Over opposition of JEA, major purchaser of future Vogtle generation, and despite project being uneconomic for customers continue
Atlanta, Ga. – After days of heated wrangling, all four co-owners in the Vogtle nuclear expansion project – Georgia Power (a subsidiary of Southern Company), Municipal Electric Authority of Georgia (MEAG Power), Dalton Utilities, and Oglethorpe Power – have voted to continue with the only remaining nuclear power project in the U.S. These utilities provided little explanation in their statements about today’s announcement, but some details are provided in the SEC filing. The mismanaged project is still only half complete after nine years of construction, more than five years delayed, and has doubled from the original $14 billon cost projection to some estimates approaching $30 billion.
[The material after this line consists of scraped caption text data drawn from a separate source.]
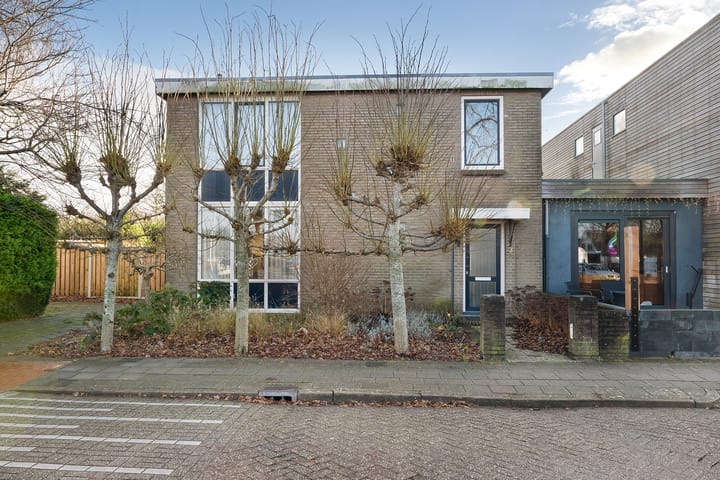 Foto 2 van Anton Geerdesplein 3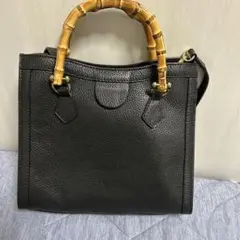 イタリア製　黒レザーショルダーバッグ 竹ハンドル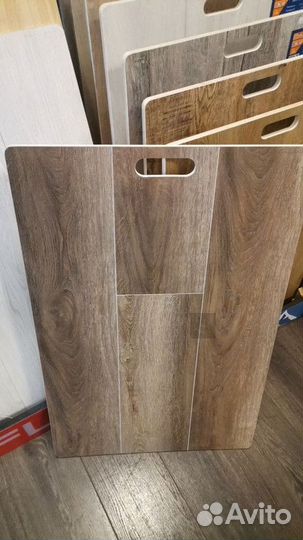 Кварцвиниловая плитка клеевая, замковая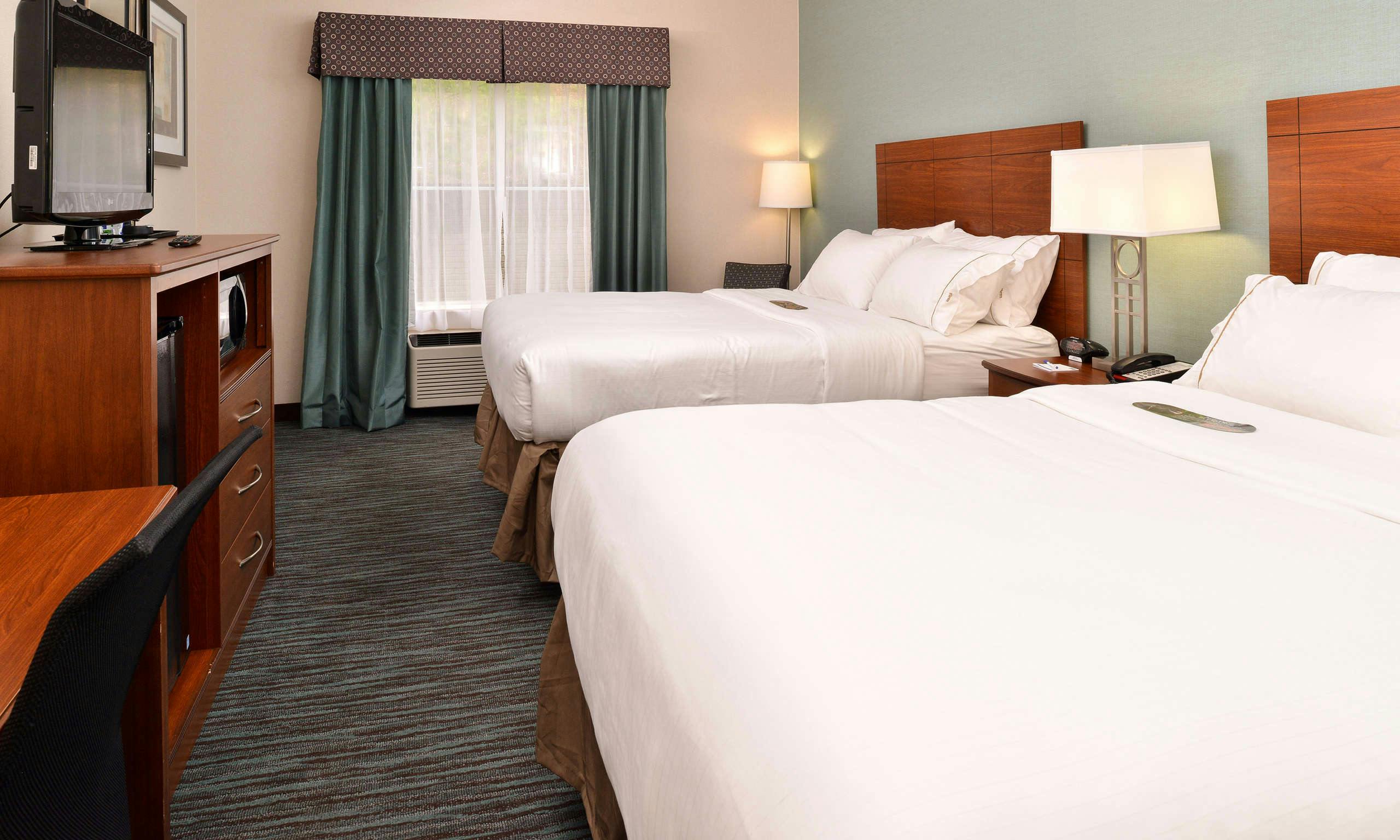 Holiday Inn Express Hotel & Suites St Marys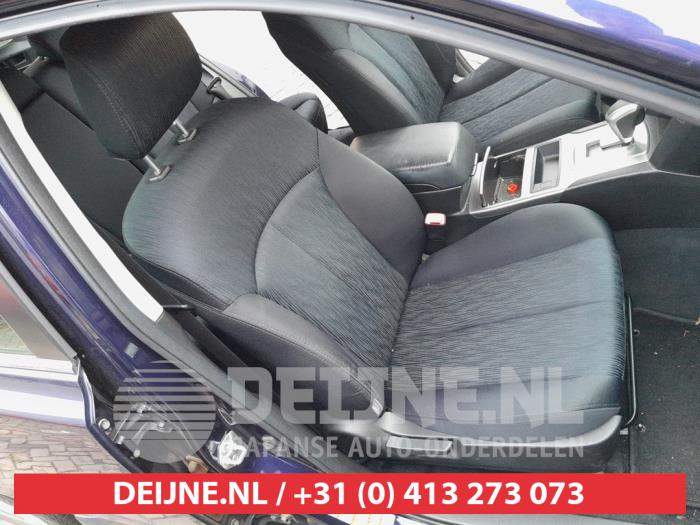 Subaru Legacy Wagon 2.0 16V Épave (2011, Violet)
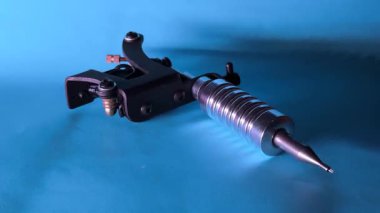 Mavi Arkaplanda Dövme Makinesi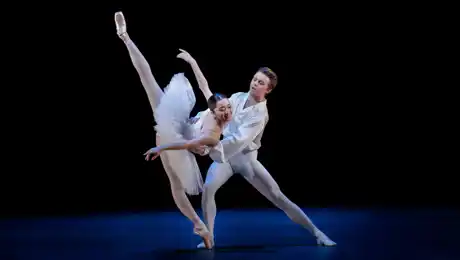 Suite en blanc med Kungliga Baletten.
The vote was prompted by a $2.3 billion increase in the project announced in August, just eight months after another multi-billion cost increase was approved by the Georgia Public Service Commission (PSC), ignoring their own Staff’s recommendations and that of other interveners, including the Southern Alliance for Clean Energy (SACE).
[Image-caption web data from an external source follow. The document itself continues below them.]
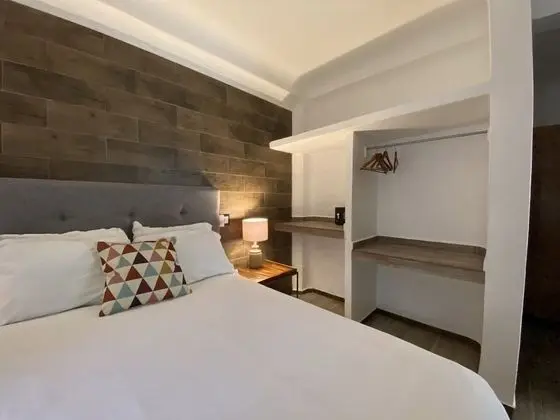 Standard Room 1 Queen Bed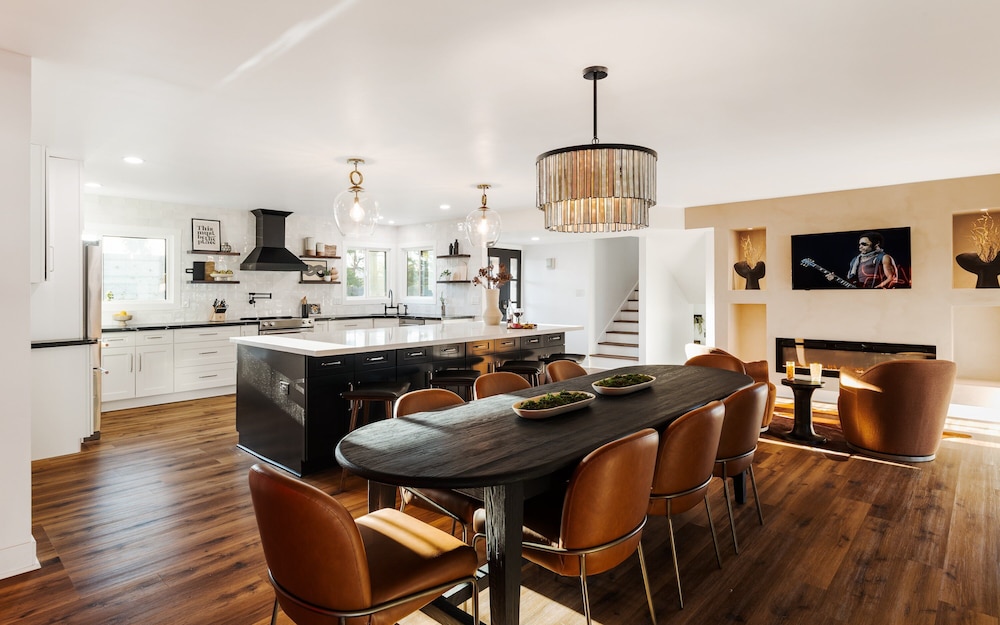 Sunburst Estate - Pool - Hot Tub - Tons of Games!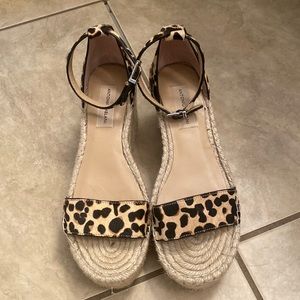 Women’s Antonio Melani Leopard Print Wedges size 8.5M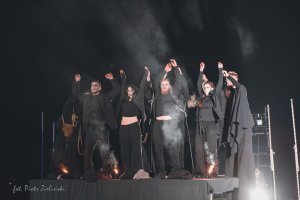 Noc Duchów 2026 w Olsztynie. Nie zabrakło klimatów wprost z "Wiedźmina" i "Dziadów" Mickiewicza [ZDJĘCIA]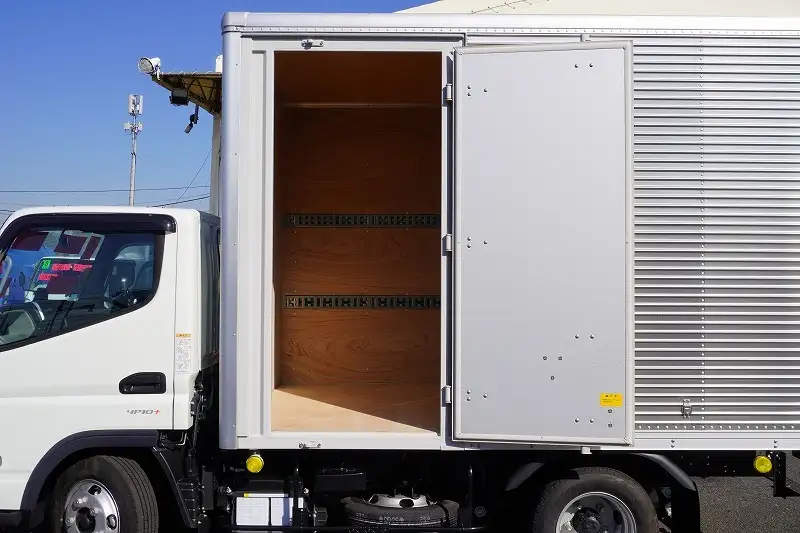 三菱 キャンター 小型 アルミバン サイドドア 2RG-FBA20の中古トラック画像8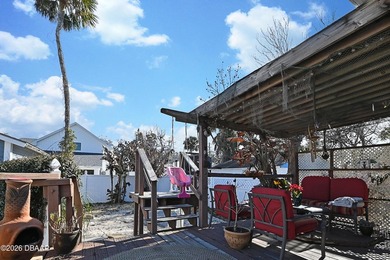 Charming craftsman cottage full of character and warmth - photo 36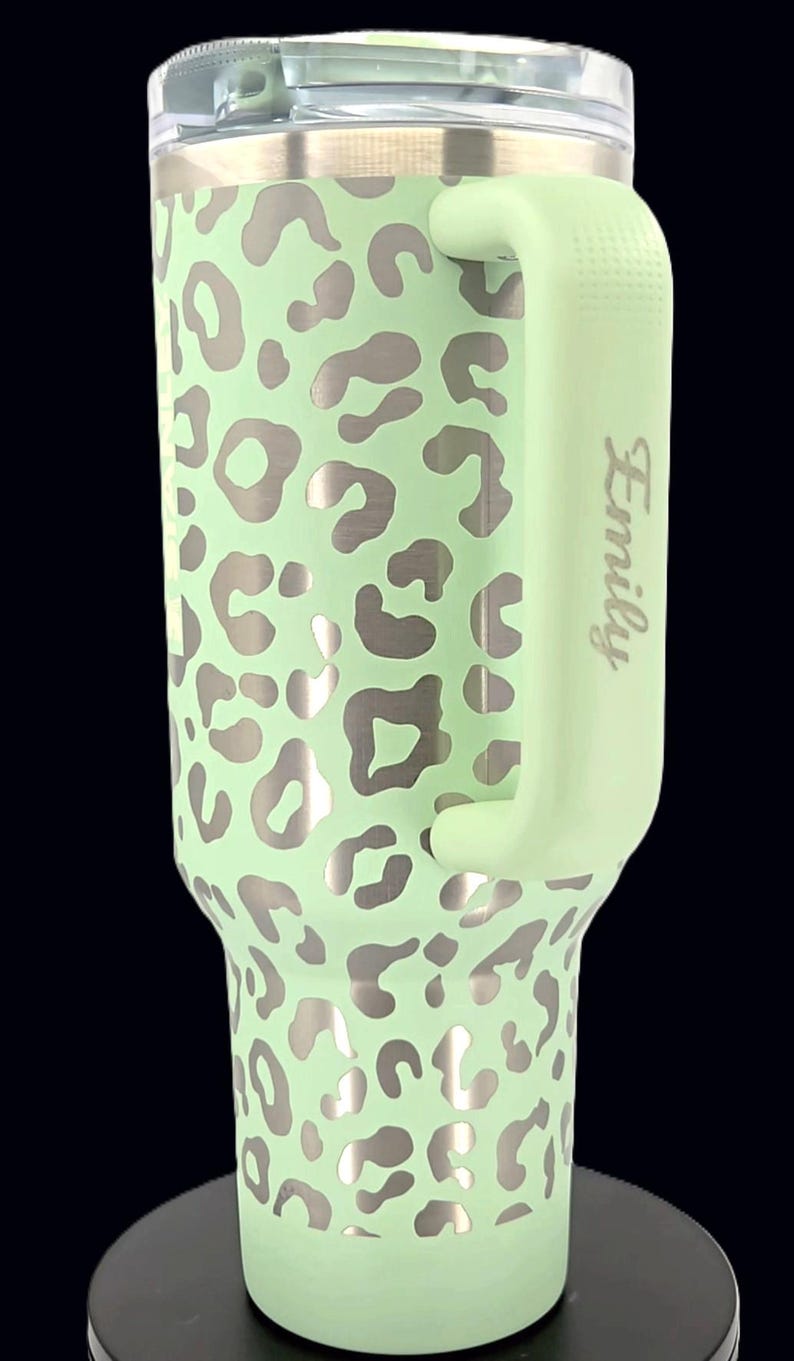 Puede incluir: Un letrero de madera hecho a mano con el texto "Welcome to our home" en un estilo manuscrito. El letrero est&aacute; pintado de blanco con un marco te&ntilde;ido oscuro. Una peque&ntilde;a planta verde est&aacute; colocada encima.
“We’re very concerned about today’s announcement because it’s clear the Plant Vogtle nuclear project is in serious trouble if this much arm twisting is necessary to keep all four partners at the table,” said Dr. Stephen A. Smith, executive director of Southern Alliance for Clean Energy. “The project details are not fully understood, but Georgia’s ratepayers and energy consumers have every right to know exactly what’s happening with this project before the November elections. With so little transparency, consumers better hold onto their wallets because more costs are coming your way.”
“We are still evaluating this new information, but on first blush it appears that Georgia ratepayers will face more risks with this project going forward than ever before,” said Sara Barczak, regional advocacy director with Southern Alliance for Clean Energy. “Utility regulators need to fully vet this deal before the November elections as this project appears to be in serious trouble and the Department of Energy should not finalize billions of additional taxpayer-backed federal loan guarantees due to the ongoing fiscal risks of this project.”
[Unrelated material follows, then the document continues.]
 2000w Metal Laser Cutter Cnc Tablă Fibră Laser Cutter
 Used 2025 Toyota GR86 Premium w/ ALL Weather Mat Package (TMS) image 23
Georgia Power’s 19th semi-annual Vogtle Construction Monitoring report references an additional $1.1 billion cost increase to $8.3 billion (this includes a $1.493 billion reduction from the Toshiba Parent Guarantee) to complete Georgia Power’s portion of the project as 45.7%, which represents more than a doubling of the original certified capital cost estimate of $4.418 billion. Georgia Power’s estimated financing costs are $3.2 billion, up significantly from the original $1.695 billion estimate. Originally the two reactor units should have been online respectively in April 2016 and April 2017 and current Company estimates, which the PSC PIA Staff could not verify in the 18th VCM as they did not receive the resource loaded fully integrated project schedule in time to review, are November 2021 for unit 3 and November 2022 for unit 4.
Over $2.2 billion in pre-collected financing costs have been charged to ratepayers due to anti-consumer state legislation passed in 2009 to incentivize building new reactors. Georgia Power is 45.7% owner in the project and remaining utility partners are Oglethorpe Power (30%), MEAG (22.7%) and the City of Dalton (1.6%). SACE determined the disproportionate burden due to pay-in-advance payments the Vogtle project has had on residential customers in comparison to large industrial users. Residential customers are currently paying over 0.7 cents/kWh, while industrial customers pay less than 0.2 cents/kWh. Over the first six years of these mandatory nuclear plant construction financing fees, residential customers have paid 45% more than average (on a per kWh basis), while industrial customers have enjoyed a 58% below average rate.